Liu Yang Kun lalu membalik surat itu. Tapi di sana juga tidak dicantumkan nama si pengirimnya. Hanya dua huruf tertulis di s itu, yaitu TEMAN LAMA. "Teman lama...? Ah... siapa dia?" Akhirnya Liu Yang Kun menjadi tak sabar lagi. Dibukanya surat itu, kemudian dibacanya pelan-pelan.
Saudara Liu Yang Kun,
Bagaimana kau sampai di kota ini? Bukankah kemarin kau masih di kota An-lei, dan bermaksud pergi ke kota Cin-an? Apakah ada sesuatu yang terjadi? Tolong kau pergi ke hutan di sebelah barat kota Cia-souw malam ini. Aku ingin berbicara kepadamu.
Teman lama.
"Teman lama.... teman lama... teman lama...?" pemuda itu bergumam dan mengulang kata-kata itu beberapa kali.

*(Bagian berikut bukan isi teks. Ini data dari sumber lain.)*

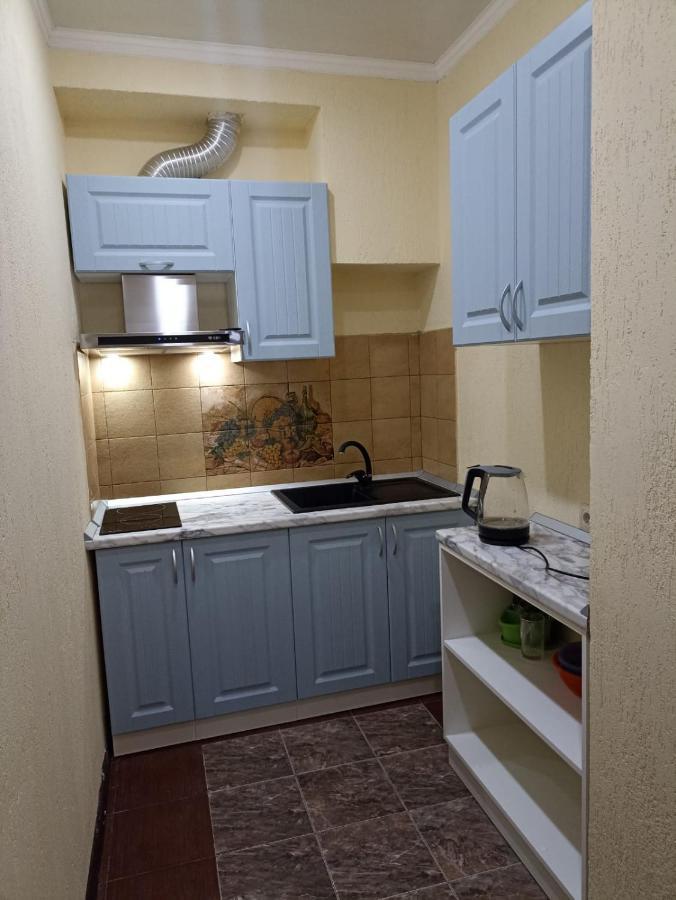 Hotel By The Sea Rozetta Сухуми Екстериор снимка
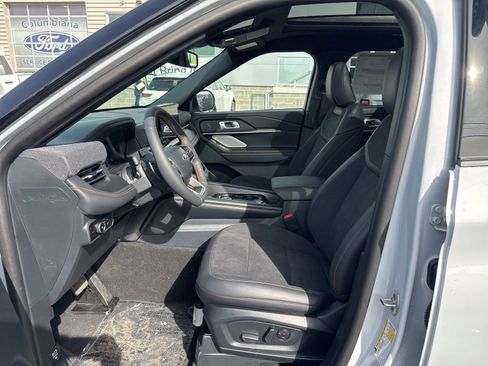 New 2026 Ford Explorer Tremor image 25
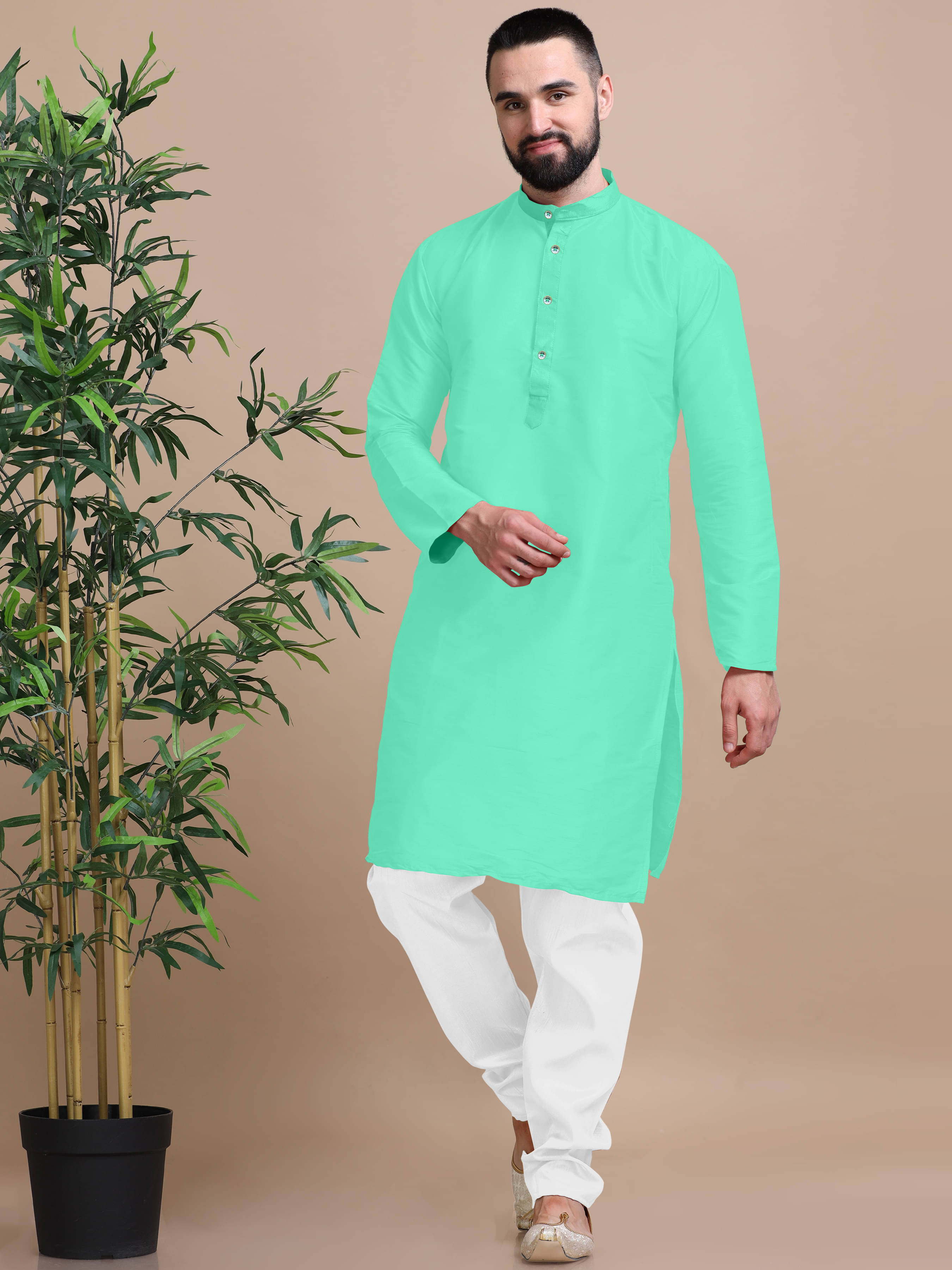 Fashionfricks Sea Green Cotton Blend Men's Regular Kurta ( Pack of 1 ) Fashionfricks Sea Green Cotton Blend Men's Regular Kurta ( Pack of 1 )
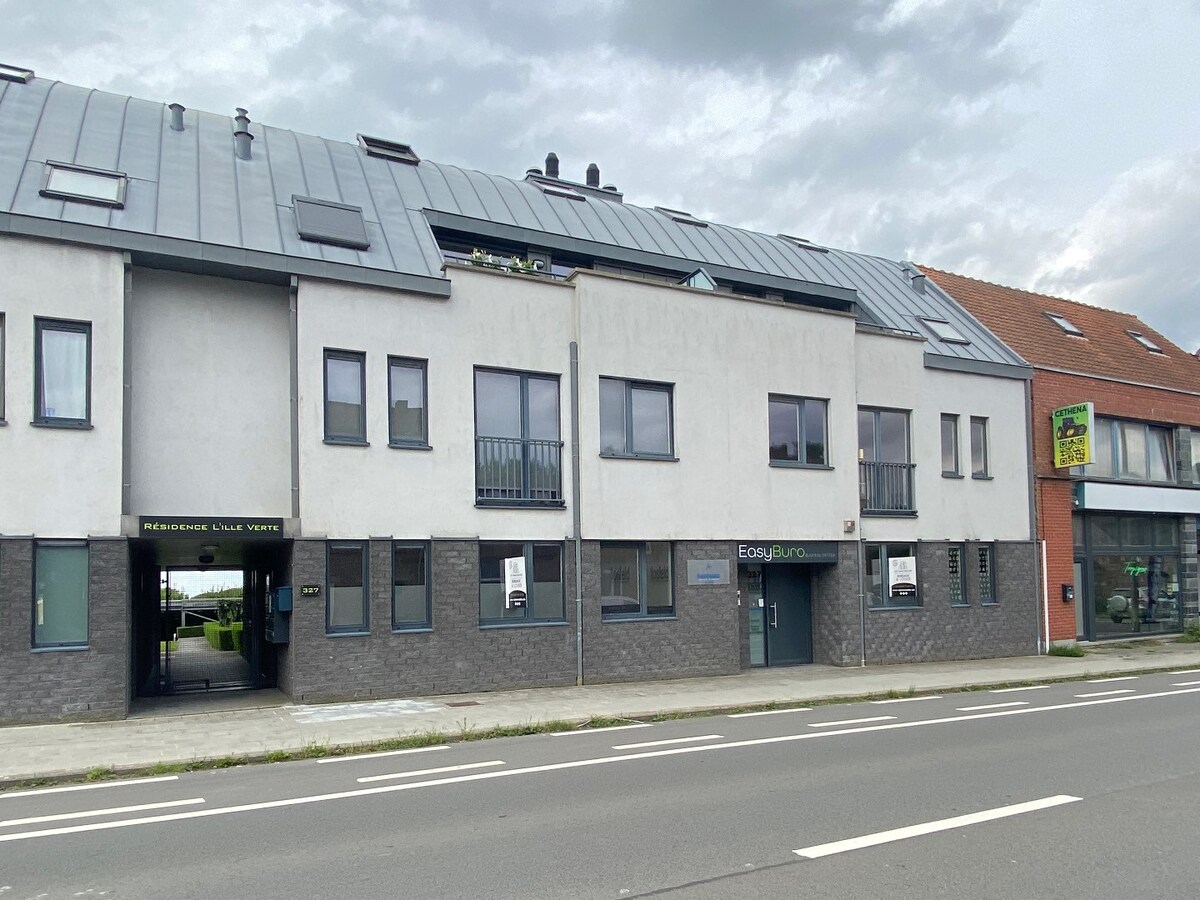 Loué - Bureau de prestataires de services - Tournai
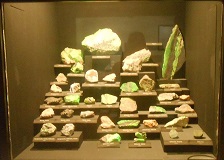 Fluorescent minerals, Smithsonian National Museum of Natural History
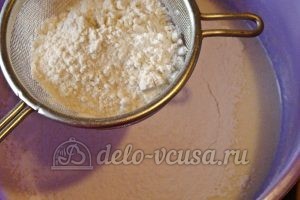 Сметанный пирог с персиками: Добавить муку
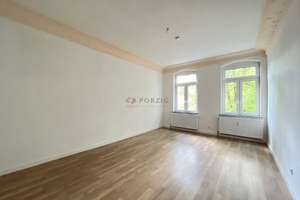 Großzügig, hell, grün – 2-Zimmer-Wohnung mit Balkon und Einbauküche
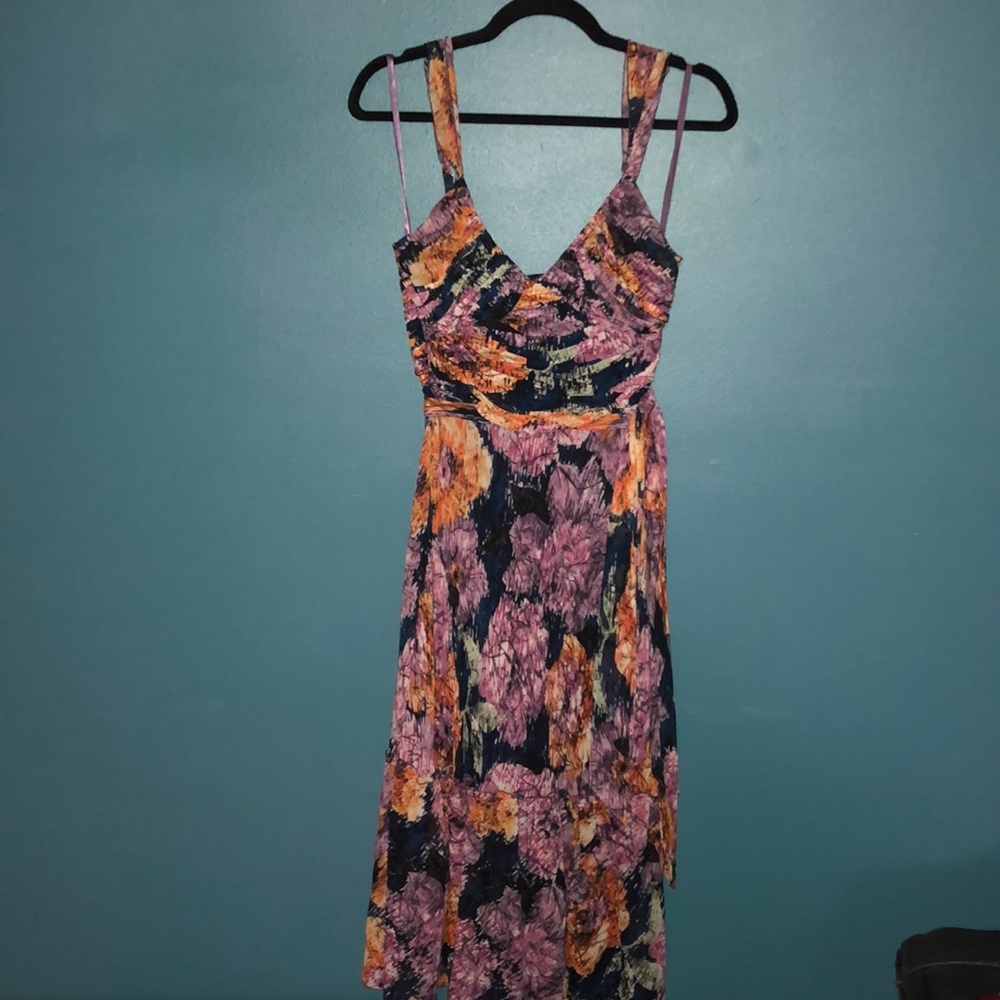 100% BCBG Maxazria silk dress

Kemudian untuk beberapa saat pula Liu Yang Kun mencoba untuk memeras ingatannya, kalau-kalau ia bisa menduga siapa 'teman lama' yang telah mengirim surat kepadanya itu. Tapi lagi-lagi dia tak mampu mengingatnya. Semua masa lalunya benar-benar gelap gulita dan tak bisa dikorek sama sekali. Akhirnya Liu Yang Kun menyerah. "Baiklah, akan kutemui dia nanti. Siapa tahu kedatangannya akan bisa menyembuhkan penyakit lupaku ini? Hmm...!"
Liu Yang Kun melangkah kembali ke kamarnya. Dia tak jadi mendinginkan pikirannya di luar. Ia ingin beristirahat saja agar nanti malam bisa menemui wanita yang mengaku sebagai teman lamanya itu. "Eehmm, bagaimana sebaiknya nanti? Apakah aku harus membawa serta Li Ing? Tapi bagaimana kalau dia cemburu? Atau... atau biarlah aku pergi sendirian saja," sambil melamun pemuda itu mengetuk pintu kamarnya.
"Siapa...?" terdengar suara isak Tiauw Li Ing didalam kamar.
"Aku. Bukalah...!" Liu Yang Kun menjawab singkat.
Tiba-tiba pintu itu dibuka dengan cepat. Dan di lain saat Tiauw Li Ing telah menghambur ke dalam pelukan Liu Yang Kun. "Koko, maafkan aku... Marilah, kini aku tidak akan menolak lagi! Maafkanlah aku!" gadis itu merintih dan mengeluh di dalam tangisnya.
Tentu saja Liu Yang Kun menjadi kaget setengah mati. Otomatis pemuda itu menoleh ke kanan dan ke kiri. Untunglah tak seorangpun yang melihat adegan itu. Tampaknya semua tamu sedang beristirahat di dalam kamar masing-masing. Bergegas Liu Yang Kun menggendong tubuh Tiauw Li Ing yang menggelendot lemas di dadanya itu ke dalam kamar. Kemudian dibaringkannya tubuh yang molek itu di atas pembaringan. Namun ketika pemuda itu hendak turun, gadis itu merangkulnya erat-erat.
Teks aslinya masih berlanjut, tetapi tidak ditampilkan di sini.